#### [Saved entries]

Content starts

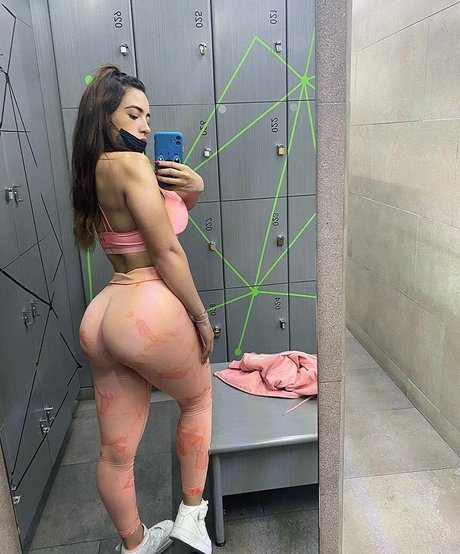 Josseline Garcia nude leaked OnlyFans pic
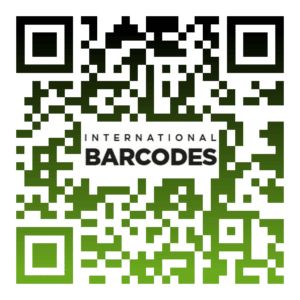 customised qr code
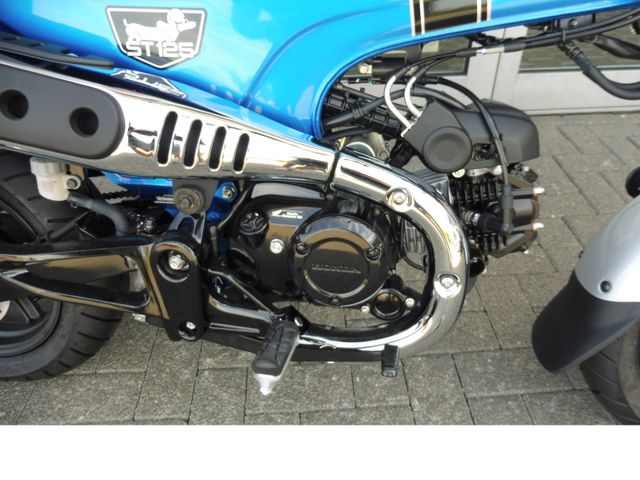 Honda ST 125 DAX ABS+LED VERFGBAR AKTION
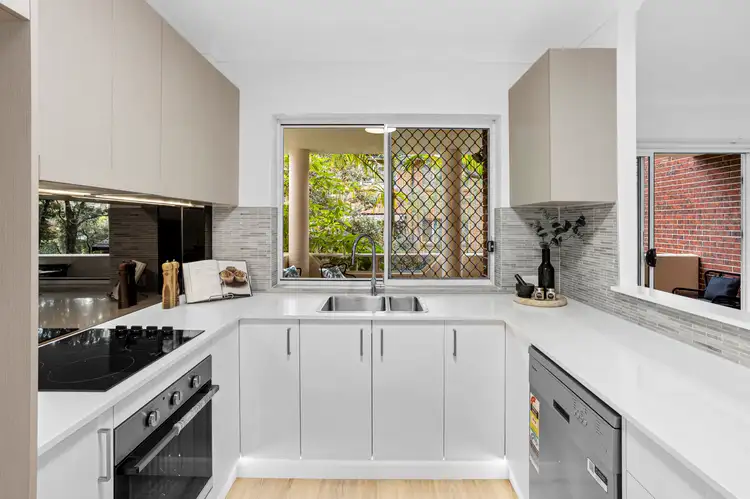 Second view of Homely apartment listing, 4/2-6 Clarke Street, Narrabeen NSW 2101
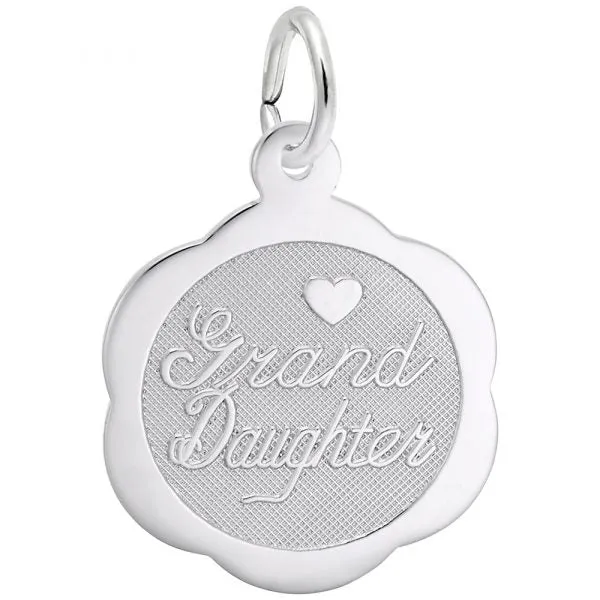 Granddaughter Charm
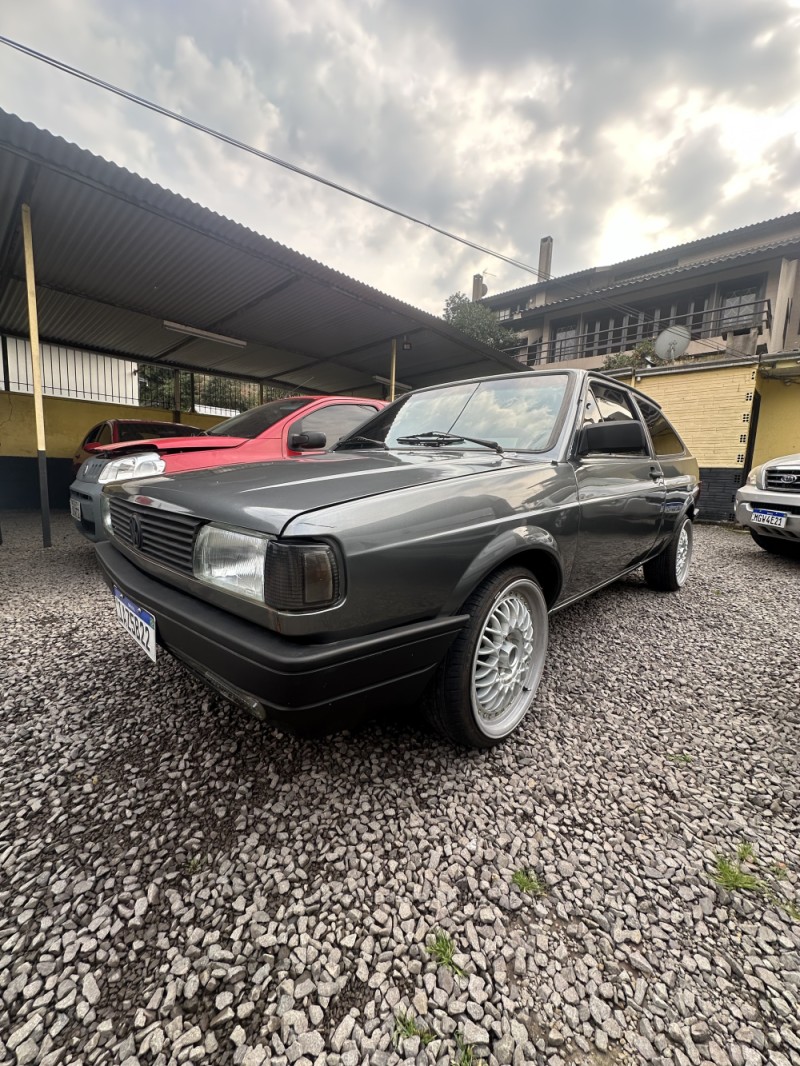 gol 1.8 mi cl 8v gasolina 2p manual 1993 caxias do sul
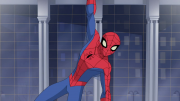 The Spectacular Spider-Man - 2x10 - Gangland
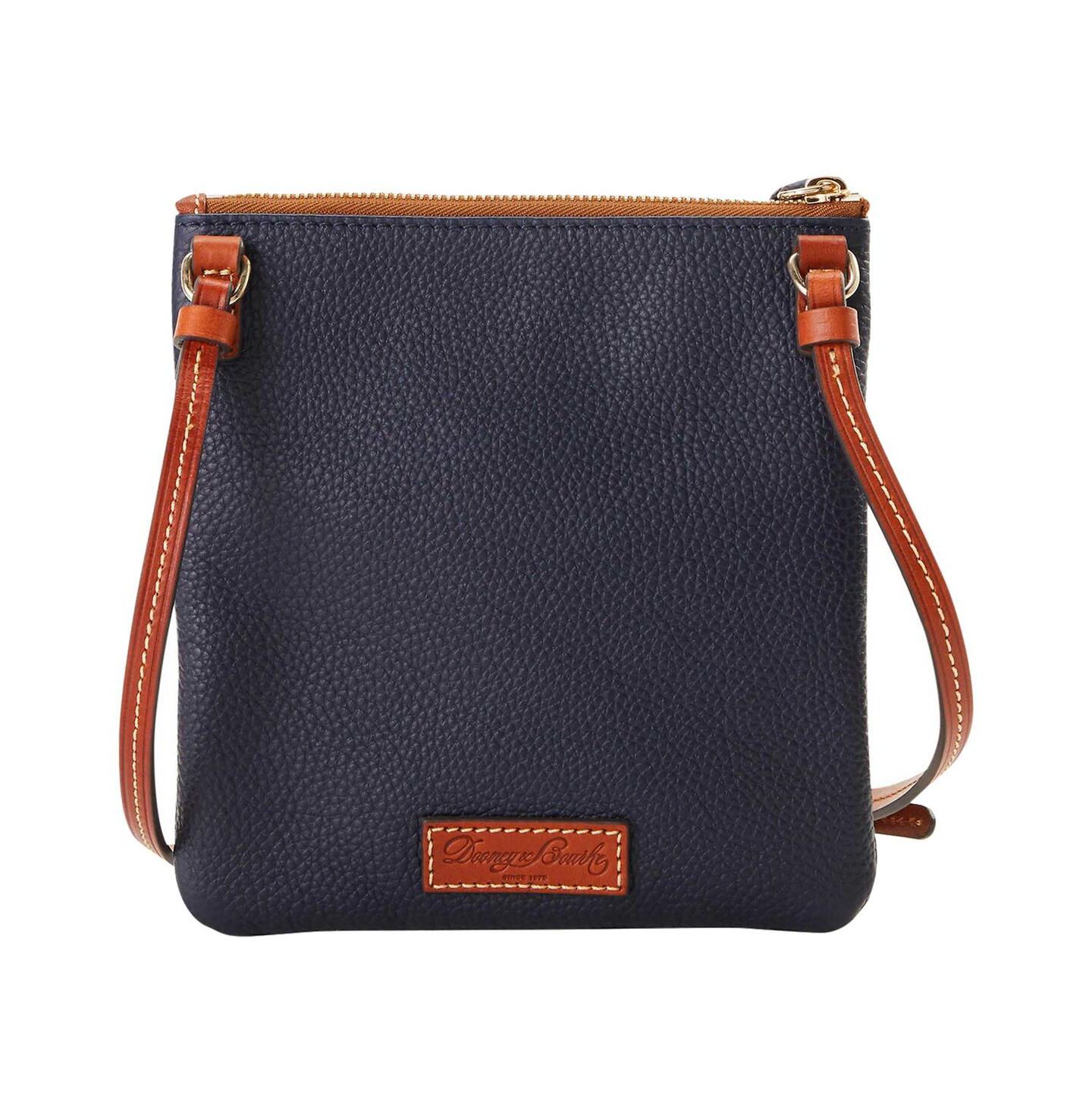 Женская сумка Dooney & Bourke Kansas City Royals Infield Triple Zip Crossbody Purse — фото 4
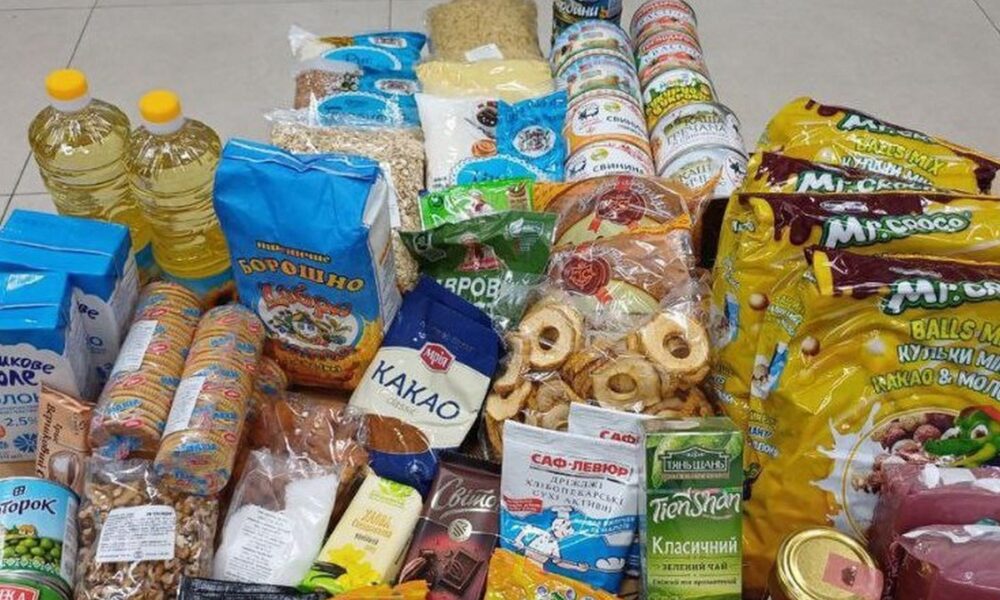 Відкрито реєстрацію на продуктові набори у Херсоні: хто може подати заявку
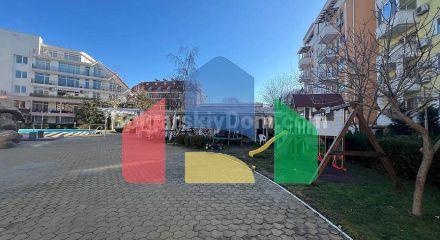 Трикімнатна квартира в Сан Віллідж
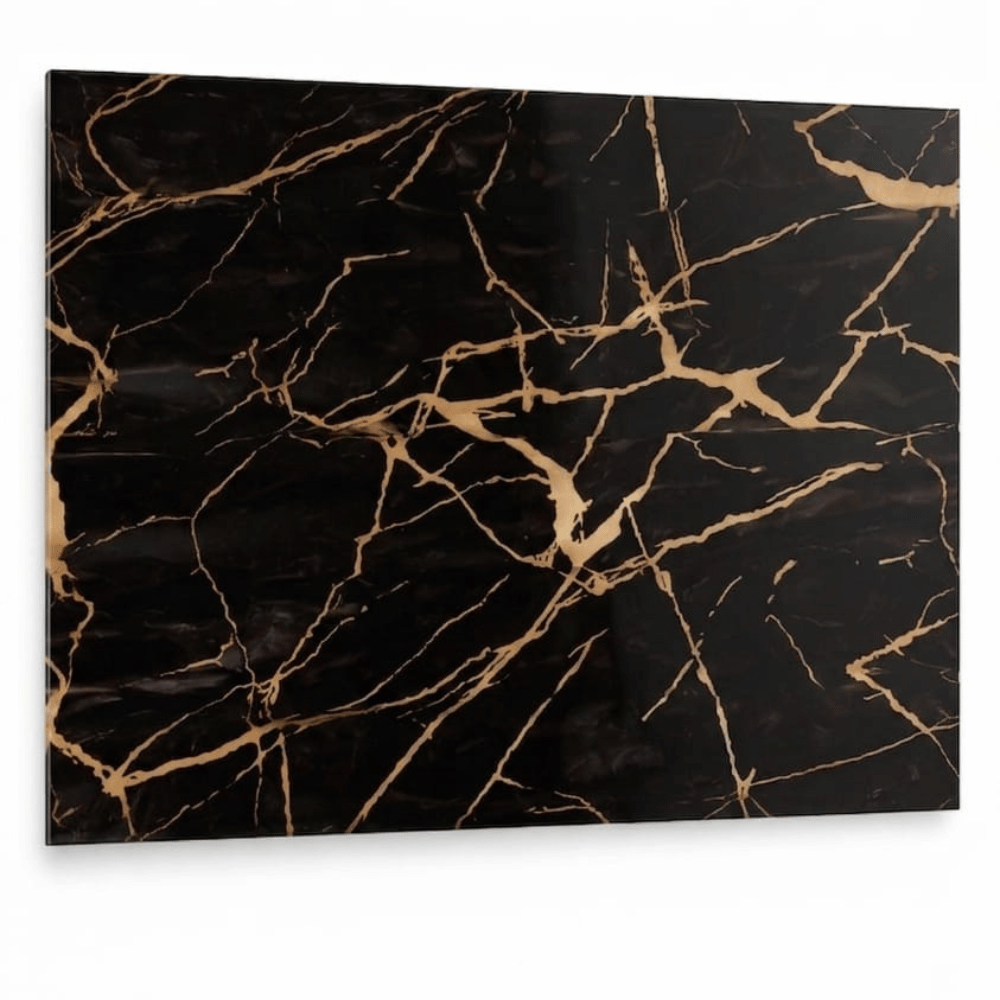 Marble style bouquet wrapping sheet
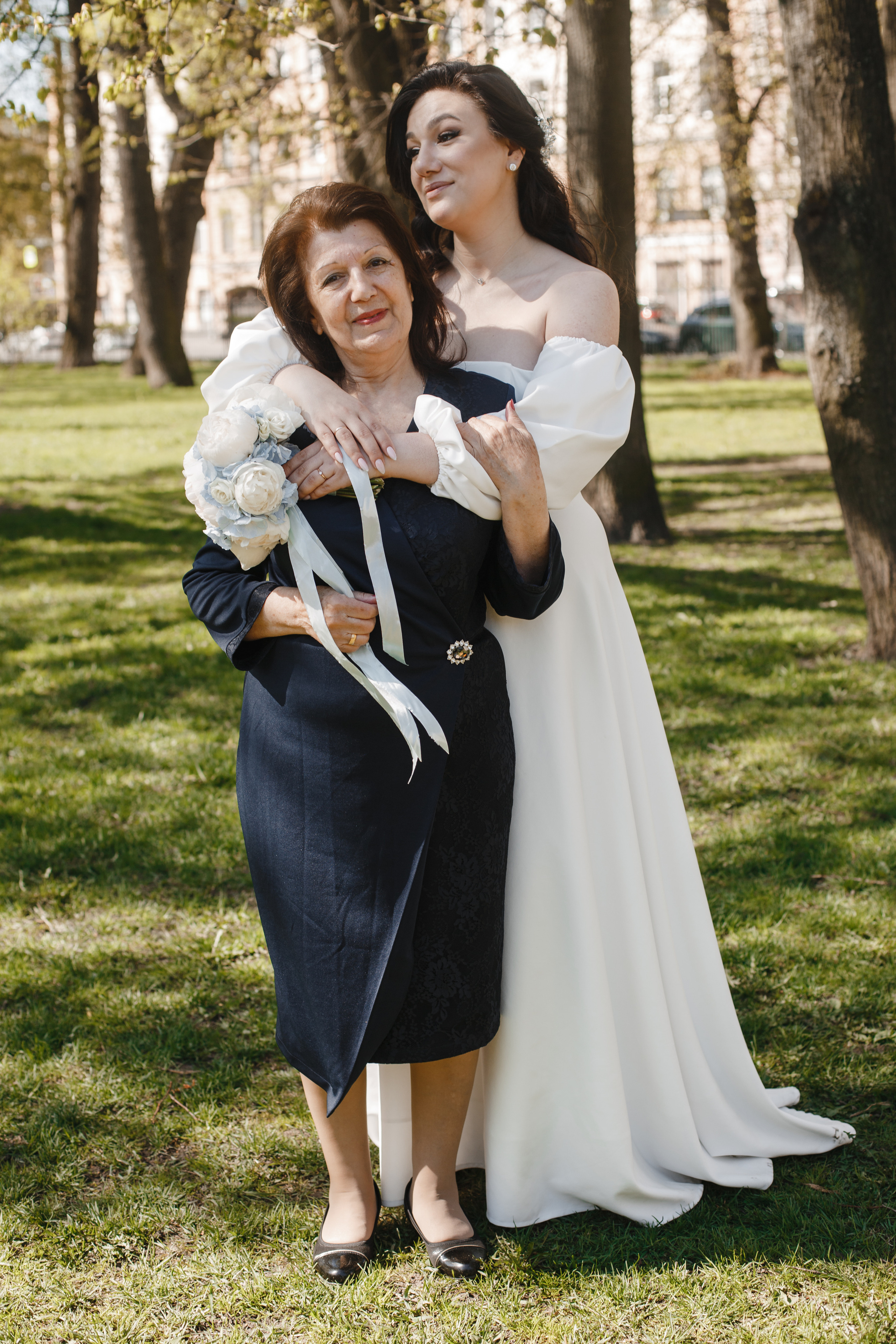 Наира и Кирилл. Свадебный фотограф СПБ I Иван Ильин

Content ends

#### [What needs to be done]
Omitting all pictures, restate word for word the lines from the one containing "Женская сумка Dooney" through the last line of the data.

#### [Task result]
 Женская сумка Dooney & Bourke Kansas City Royals Infield Triple Zip Crossbody Purse — фото 4
 Відкрито реєстрацію на продуктові набори у Херсоні: хто може подати заявку
 Трикімнатна квартира в Сан Віллідж
 Marble style bouquet wrapping sheet
 Наира и Кирилл. Свадебный фотограф СПБ I Иван Ильин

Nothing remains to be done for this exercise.